[[ STUDY MATERIAL, beginning ]]
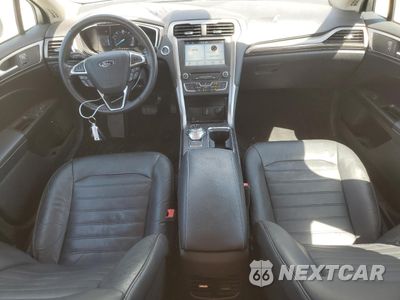 Zdjęcie 8 z 13 samochodu: 2017 FORD FUSION SE HYBRID VIN:3FA6P0LU9HR409121 - miniatura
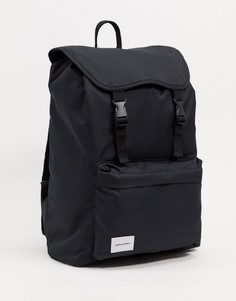 Черный рюкзак с белой фирменной нашивкой и двумя ремешками ASOS Unrvlld Supply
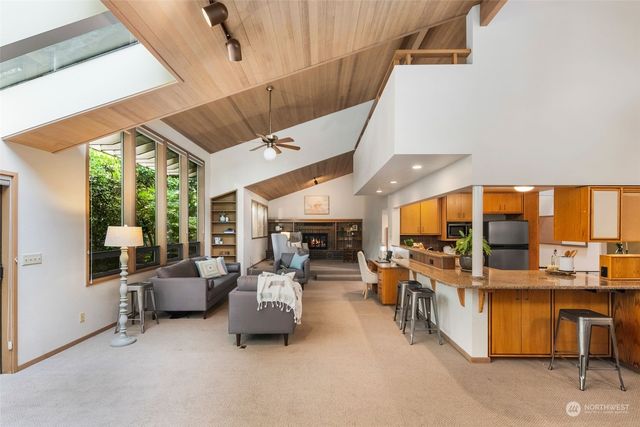 a dining room with wooden floor and large window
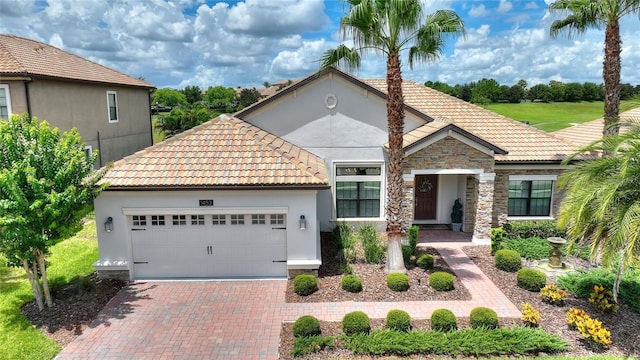 1452 Mickelson Ct, Davenport, FL 33896 - mediterranean / spanish house featuring a tile roof, stone siding, a garage, and decorative driveway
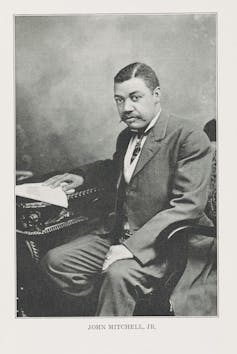 A Black man wearing a business suit sits at a desk with his right hand on a sheet of paper.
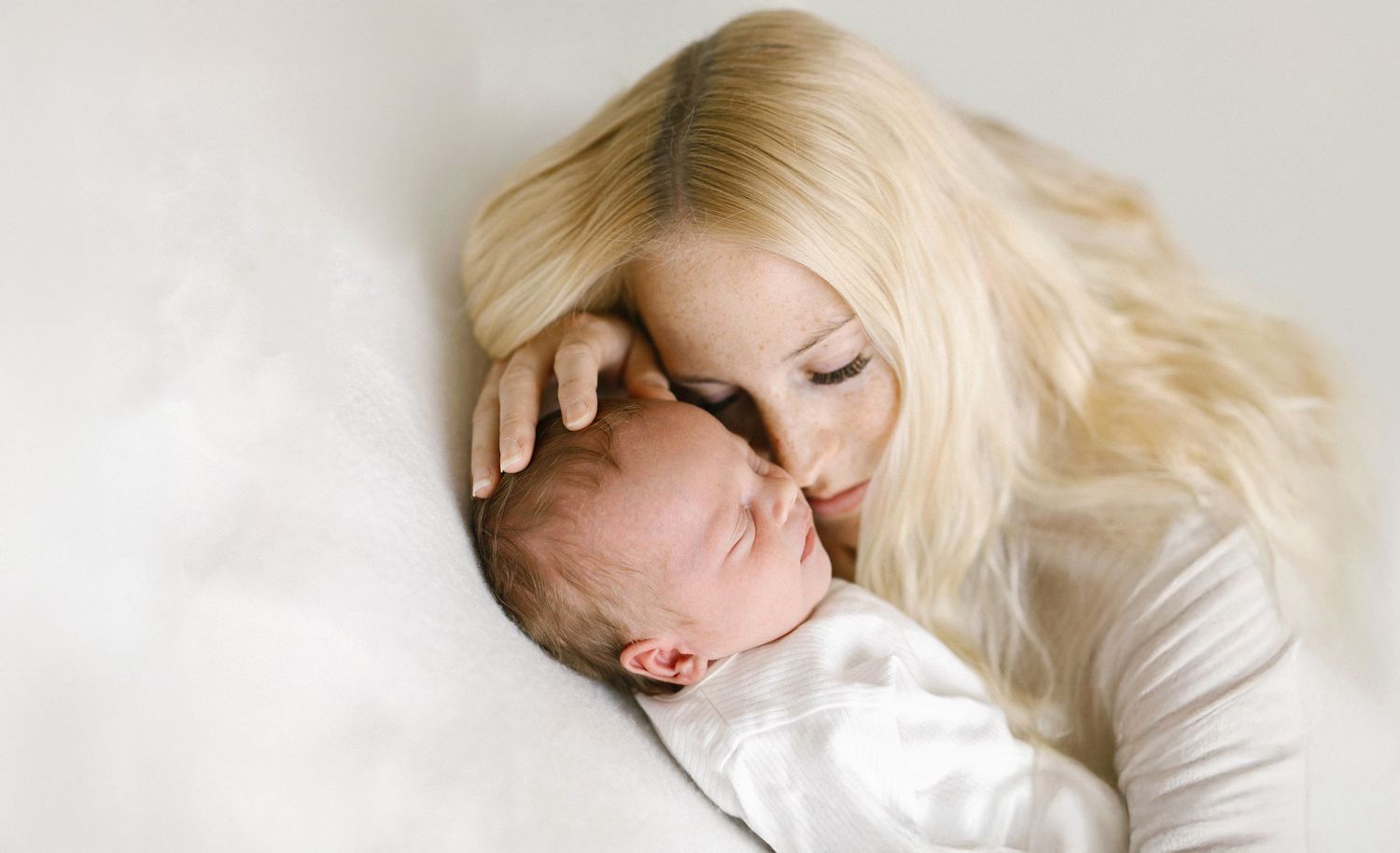 A blonde mother tenderly kisses her sleeping newborn baby wrapped in white, sharing a peaceful bonding moment.
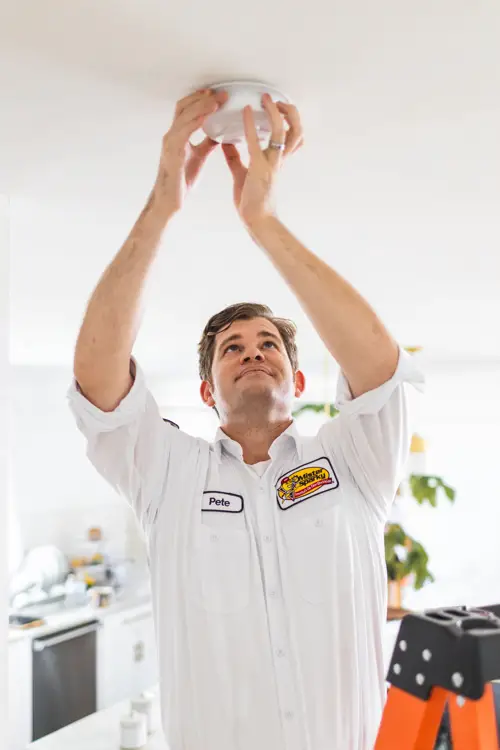 Pete, an electrician at Mister Spark, installing a smoke detector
[[ STUDY MATERIAL, end ]]
(WORK REQUIRED)
Leaving out the pictures, return exactly the lines from the one that contains "A blonde mother" through the last line of the records above, inclusive.

(THE COMPLETED TASK)
 A blonde mother tenderly kisses her sleeping newborn baby wrapped in white, sharing a peaceful bonding moment.
 Pete, an electrician at Mister Spark, installing a smoke detector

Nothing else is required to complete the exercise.